The second element is to understand and embrace agile.  Agile is not only a descriptive of someone nimble and quick, but a term used in the world of software development where the focus is on quick adaptation based on short and regular reassessments of the situation and what is wanted and needed. But they get the product out NOW…not when it’s perfected.

There’s a lot of relevance to this concept for our own lives in The Back Forty.  Guess what?  Shift happens!  And it tends to take on greater seeming impact and significance as we move into the second half of life.

Taking on the agile way in which those in the first half – the 18, 20, 25yr olds – simply play and learn and play and learn some more can support us who have “been around the block a few times” loosen up, commit to adapt, and by God even start to have fun with it!

Giving up the expectation that anyone or anything will stay the same or that, in adapting, we’ll “get it right the first time” allows us the patience to stay on the playing field…with an emphasis on “play“.

Try a new approach?

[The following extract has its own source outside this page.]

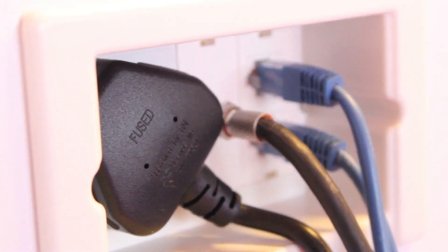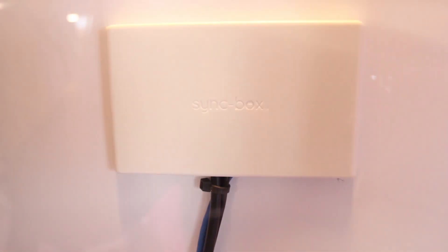My name's Steve from a company called iStands. Today we're showing off Sinkbox, our new product. First time at ISE today in the Discovery Zone. Sinkbox is a brand new product to the market.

Conduct an experiment? Design a new context within which to hold it all?  Any of these can be forward-falling directions to take so as to flow with the shifting winds of life.  And falling forward fast is what will get us doing what we came here to do…not waiting until everything is stable.

Where can you bring playful and agile adaptation to changing plans, people and places in your Back Forty world today?

“Success today requires the agility and drive to constantly rethink, reinvigorate, react and reinvent.”